The social media apocalypse is not upon us. LinkedIn groups, I assure you, are not on the brink of going up in flames and burning group owners to the ground in their wake. While we’re at it, Facebook isn’t on its death bed, either. And Twitter’s not going to crumble away like a withering leaf over a backlash against its rules and terms of service.
The Changes to LinkedIn Groups Streamline its Top Functions
Over the past month, I’ve gotten half a dozen emails and panicked inquires in response to Maggie McGary’s post proclaiming Why Associations Should Be Planning Their LinkedIn Exit Strategy. But the changes to LinkedIn Groups, which you can read in full via LinkedIn’s Help Center, were designed to create a better experience for users, not to ruthlessly make the lives of community managers and the organizations they work for a private hell. Instead, the changes phase out features that detract from groups’ most-used functionality: creating and participating in discussions. Why? Well, quite simply, to make it easier and more convenient for group members to create and participate in discussions.
LinkedIn Groups Aren’t Your Bulletin Board for Sales
Here’s the thing: if you’ve been using LinkedIn groups as a place to “push out” more marketing messages, you’ve been missing the point. These spaces were never meant to be the sister to email marketing or a bulletin board for your association’s products and services. If you have been using it as your personal sales stomping ground, let me ask: how is that working? Do group members comment on promotional posts? Have you used Google Analytics to determine whether you’re driving traffic and conversions based on those discussions? I’d like to challenge anyone using LinkedIn in this way to measure the efficacy of their efforts – and then determine whether you should be weeping over the changes or accepting them for what they’re worth.
How to Use LinkedIn Groups as They Were Intended to Be Used
As marketers, we’re always looking for new and creative ways to get our message across. But sometimes that means trying to shoehorn a solution where it simply doesn’t fit. So how do we avoid acting like one of Cinderella’s ugly stepsisters? Here’s my advice:
Understand how each social media platform is intended to be used, and use it that way. This doesn’t mean you can’t innovate and even occasionally skirt the rules, but if you’re trying to use a site beyond its intended purpose, you run the risk of either looking like you don’t know what you’re doing, or worse, turning followers off.
Be user-centric. We all have goals to meet. Some of us have bottom lines to prove. But we won’t accomplish any of that if we’re shoving messages and promotions down our followers’ throats instead of taking the time to understand what it is they actually want to hear. Users expect LinkedIn groups to be a home for professional discussions, a Q&A forum, a place to give and receive advice. Promotional messages can be jarring in that type of environment. Ever noticed how LinkedIn group threads are called discussions, and not posts? The name reiterates the functionality: you can’t have a conversation over an ad. If you’re facing pressure within your organization to just “send out” a message to prove you’ve covered your bases in marketing a product/program/event, try a research or analytics-based approach instead. If you can help show that “blasts” aren’t driving any conversions, you can simultaneously help prove that placing them in that space is a waste of time and energy!

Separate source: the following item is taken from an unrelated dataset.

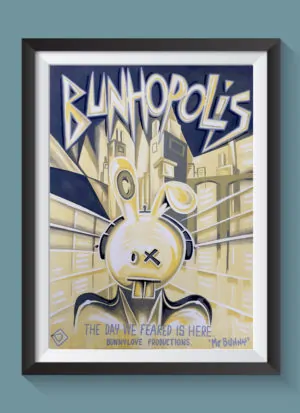 Bunhopolis fine art print illustration by Mr Bunny
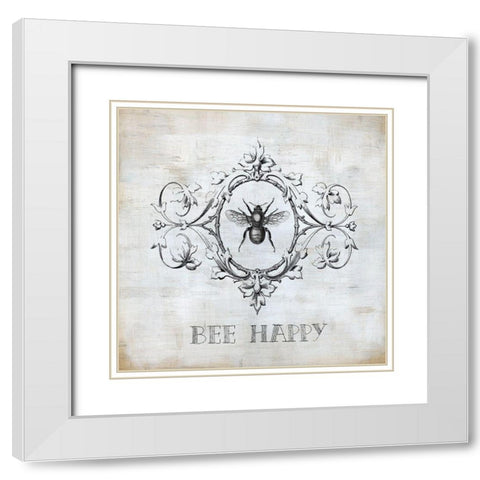 Bee Happy White Modern Wood Framed Art Print with Double Matting by Robinson, Carol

Reassess if LinkedIn Groups can help you meet your goals. Maybe LinkedIn groups aren’t going to be the platform that boosts product sales, but can it serve to help you meet another important goal? Conducting market research for instance, or informing product development based on trending topics and conversations. The most successful community environments meet in the middle between a user’s goals and an organization’s goals. Find that sweet spot and savor it.

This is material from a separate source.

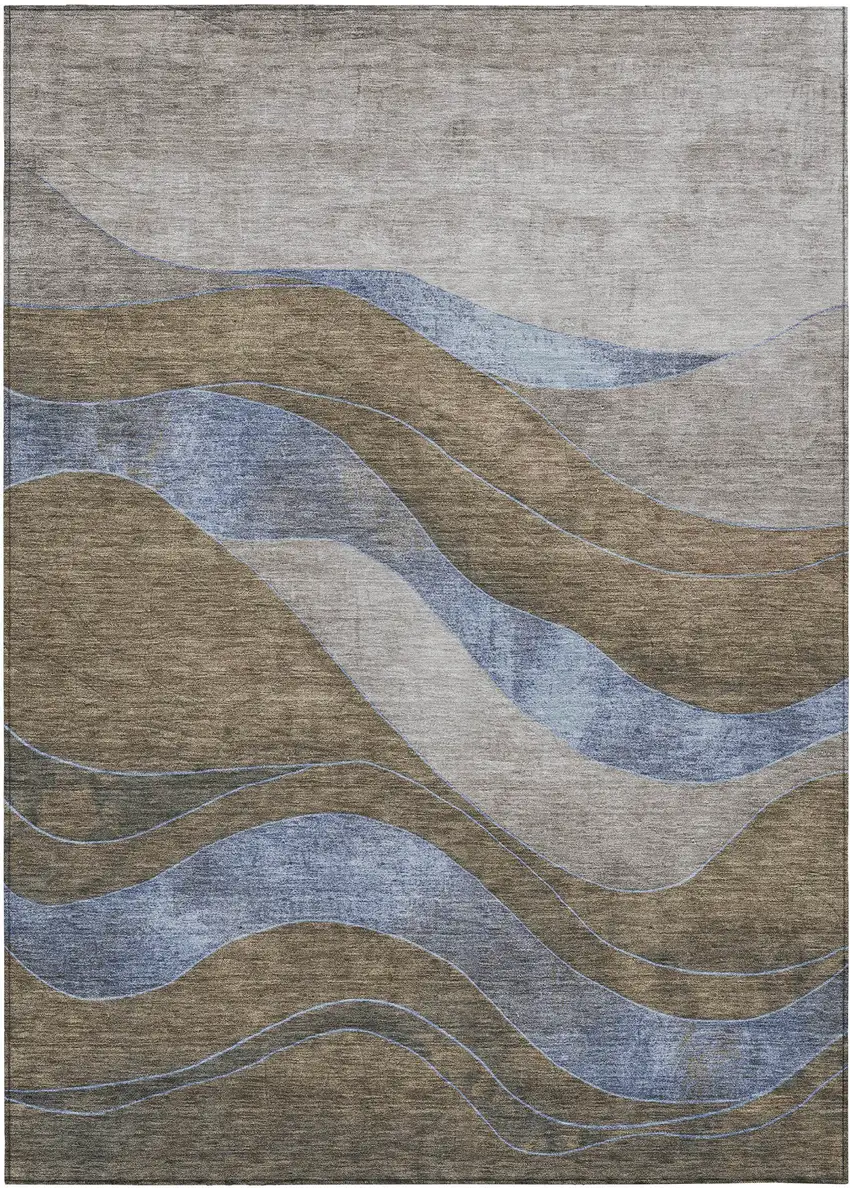 Taupe And Blue Abstract Washable Indoor Outdoor Area Rug Photo 1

Snapshot: The Unspeculation-Free Guide to LinkedIn Group Changes
Here’s a quick rundown on some of the top changes to LinkedIn groups you should know about:
All groups are now private. Because people feel more comfortable having professional exchanges in private places.
You must request to join a group. This helps ensure that spammers and half-interested parties don’t junk up the group with meaningless “conversation.”
Content doesn’t go into moderation. This means that group managers don’t have to approve each and every post, which lessens the moderation burden, but also improves the relevance and timeliness of discussions. Of course, group managers can still remove conversations that don’t abide by group rules.
The Best Social Media Managers are Willing to Accept Change
I’m always shocked to see that some of the biggest naysayers against changes made to social media sites are those of us who rely on social media to make our living. As social media managers, we have to be willing to adapt, rather than longing for a past that seemed better than the present. We could all take a cue from Don Draper in that regard:
“And let’s also say that change is neither good or bad, it simply is. It can be greeted with terror or joy. A tantrum that says ‘I want it the way it was,’ or a dance that says ‘Look, something new.’”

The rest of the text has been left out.